Dataset entries
• • • • • • •

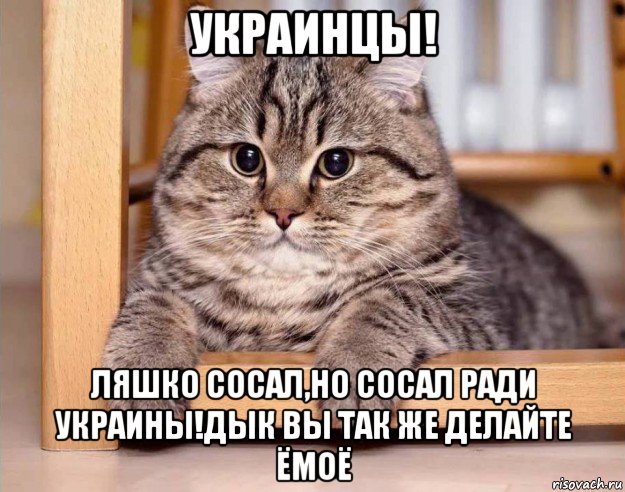 украинцы! ляшко сосал,но сосал ради украины!дык вы так же делайте ёмоё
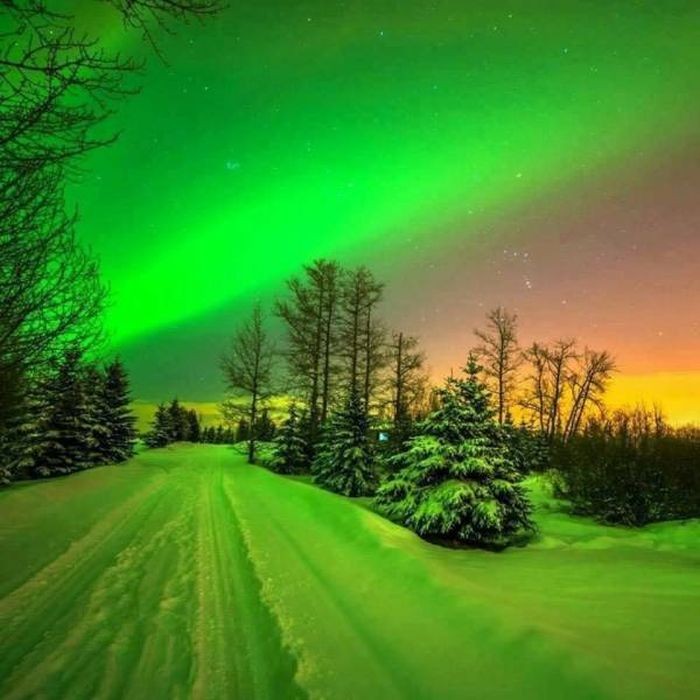 Зрелищные фото, которые не нуждаются в комментариях (20 фото)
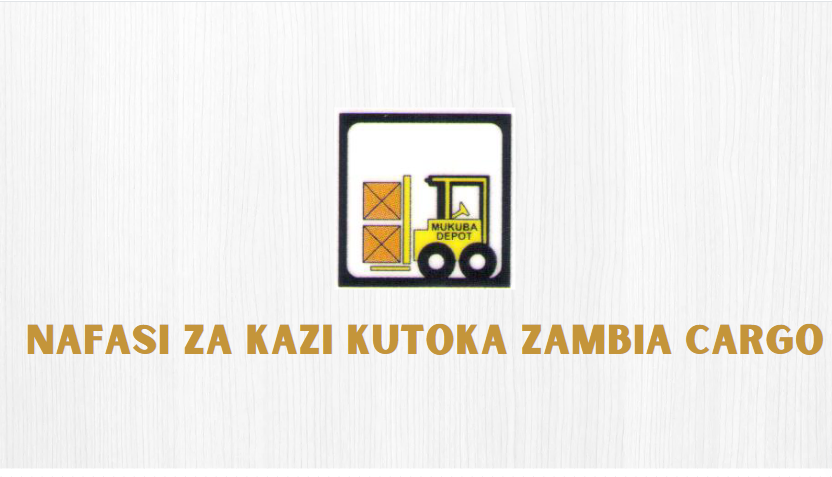 Assistant Accountant Job Vacancy at Zambia Cargo July, 2024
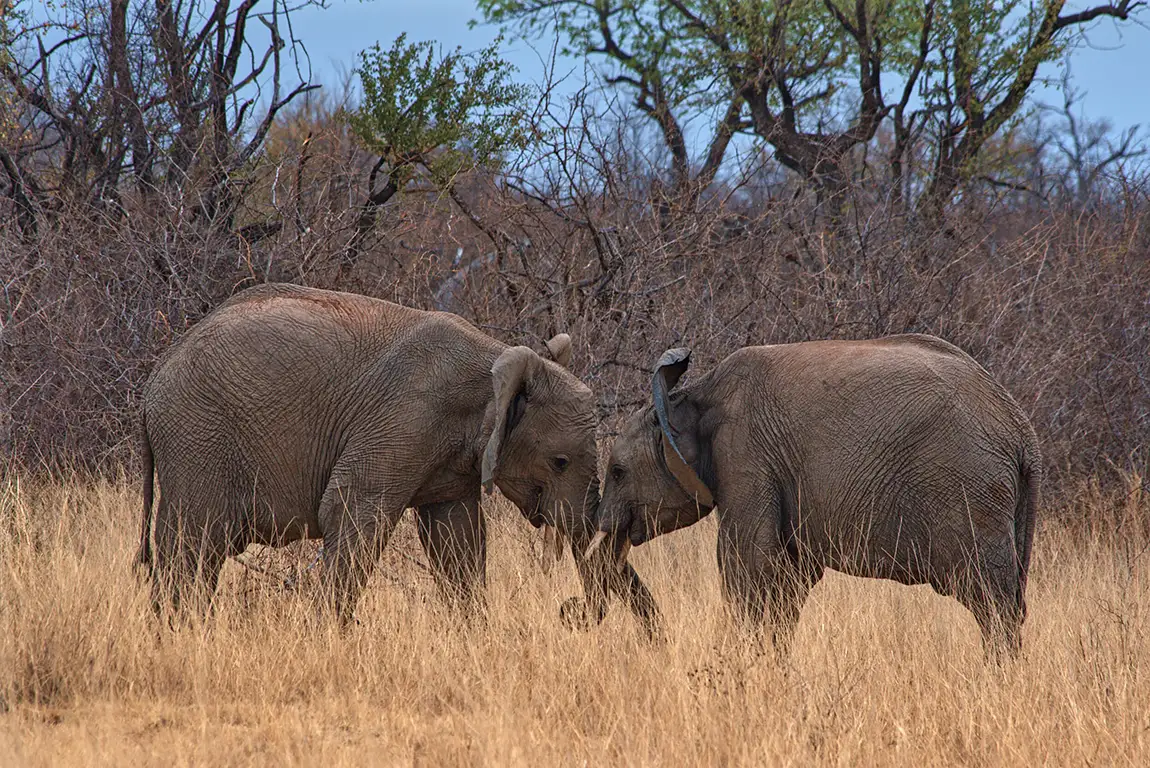 Elephant Play, Madikwe Game Reserve, South Africa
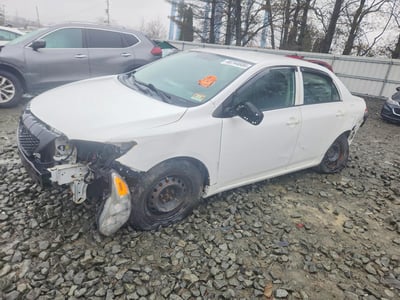 2T1BU4EE3AC****** 2010 Toyota Corolla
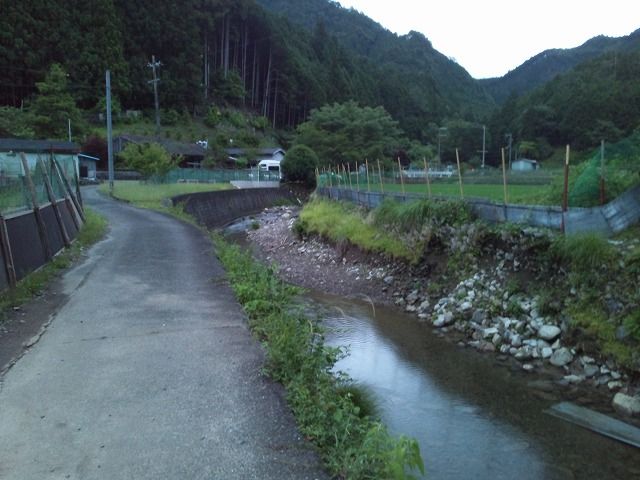 幻想の ホタルの里 In熊野 大井谷 東紀州情報発信ブログ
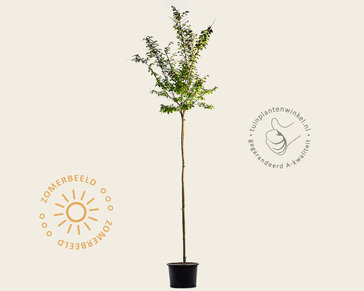 Lagerstroemia indica 'Dynamite' - op stam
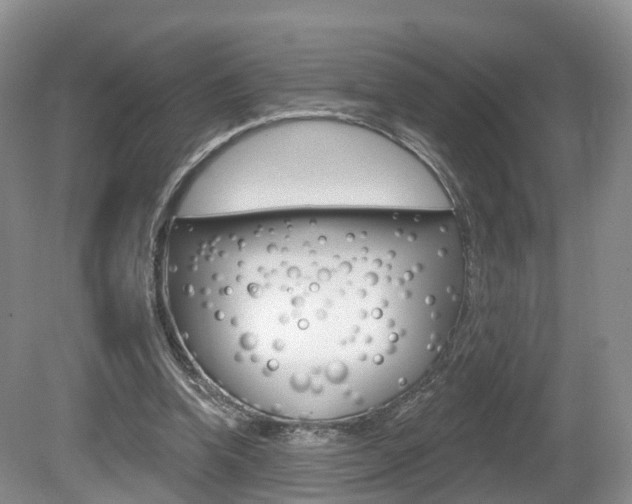 X0000080180346200612081140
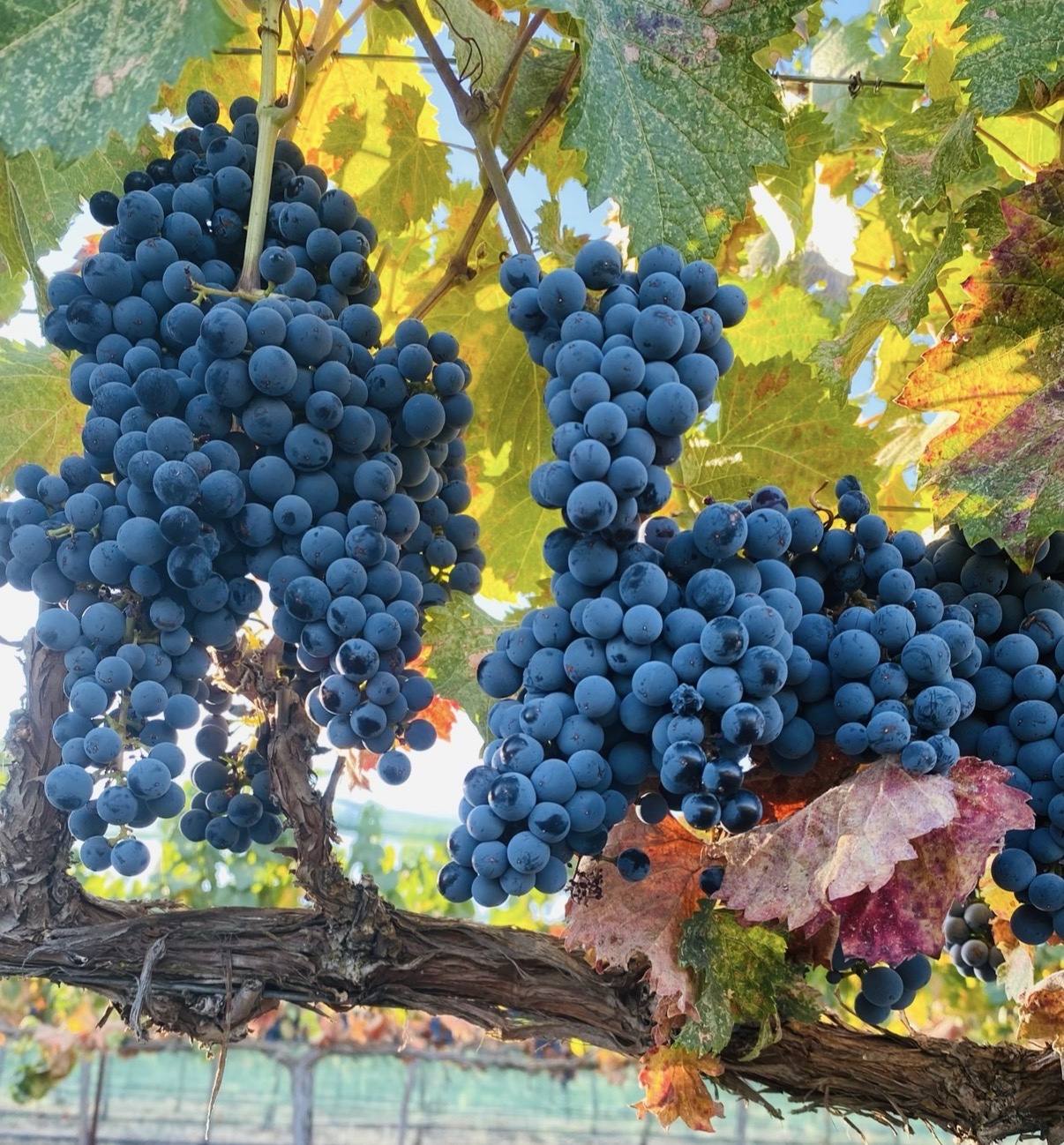 Dense ripe grape clusters on an old vineyard trunk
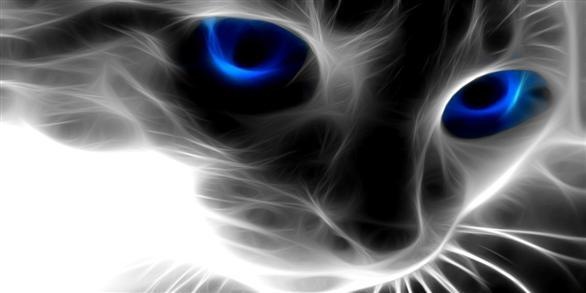 №41, Пётр Коротков №41, Пётр Коротков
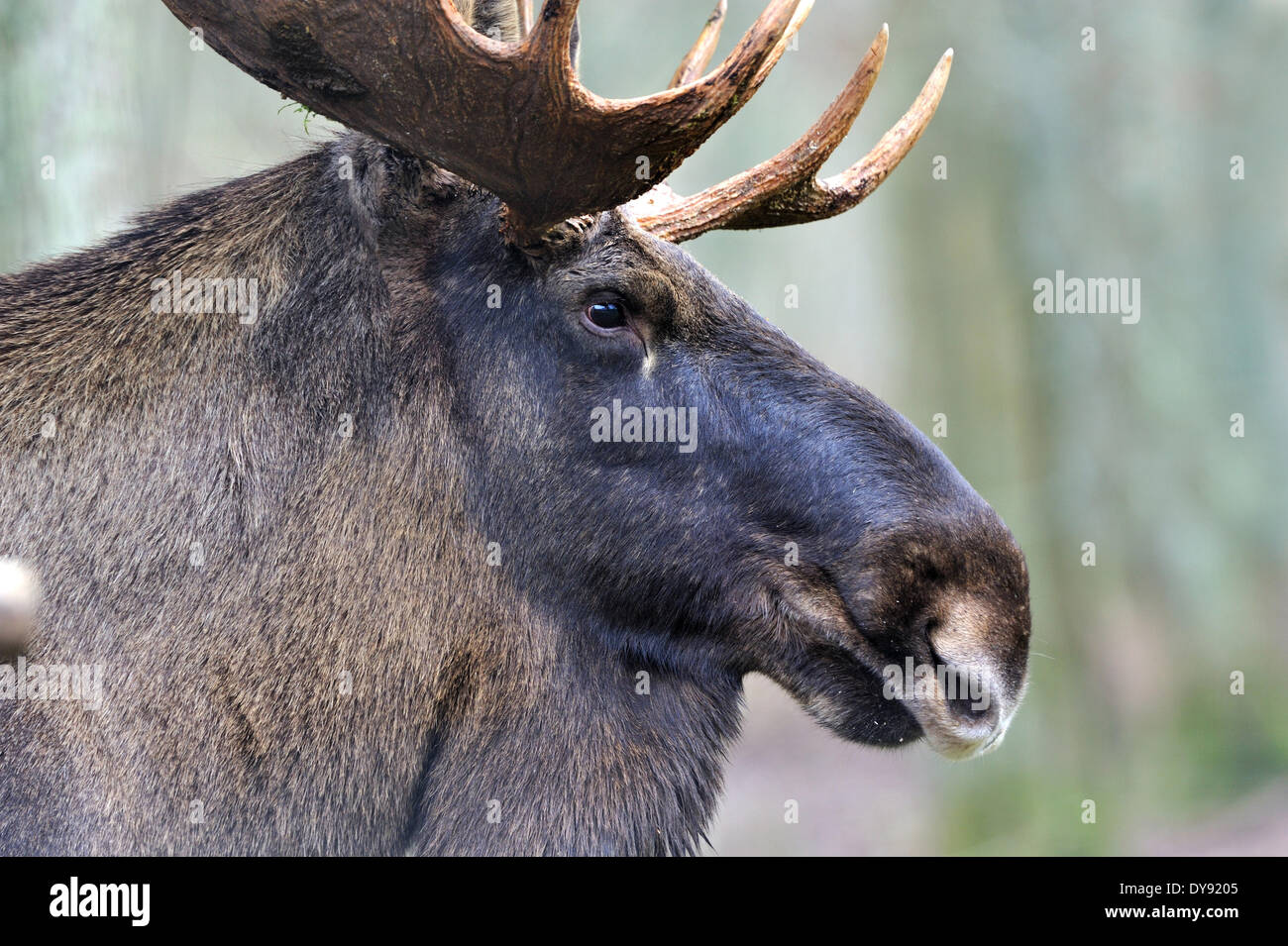 Los alces alces Alces alces Nuevo Mundo venado elk cloven-animal Ungulados ciervo ciervos ciervo europeo moose alce bull elk otoño animal anim Fotografía de stock - Alamy Los alces alces Alces alces Nuevo Mundo venado elk cloven-animal Ungulados ciervo ciervos ciervo europeo moose alce bull elk otoño animal anim Fotografía de stock - Alamy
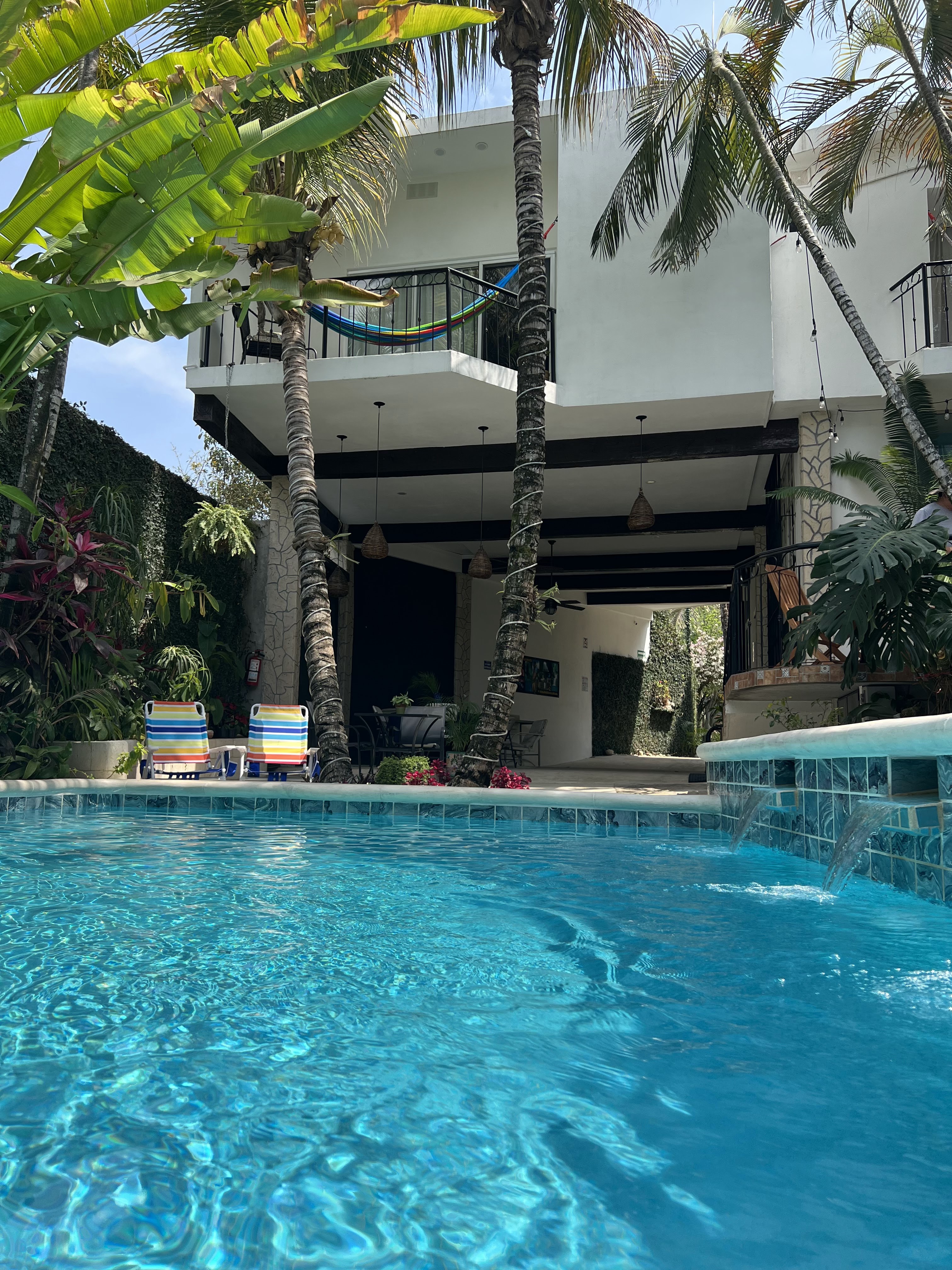 Taqueria la Pasadita image 2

• • • • • • •

◆ Requirement ◆
Beginning at the line that holds "- Alamy Los" and ending with the last line of the entries, please set down each line exactly, leaving every picture out.

◆ Response to the task ◆
 Los alces alces Alces alces Nuevo Mundo venado elk cloven-animal Ungulados ciervo ciervos ciervo europeo moose alce bull elk otoño animal anim Fotografía de stock - Alamy Los alces alces Alces alces Nuevo Mundo venado elk cloven-animal Ungulados ciervo ciervos ciervo europeo moose alce bull elk otoño animal anim Fotografía de stock - Alamy
 Taqueria la Pasadita image 2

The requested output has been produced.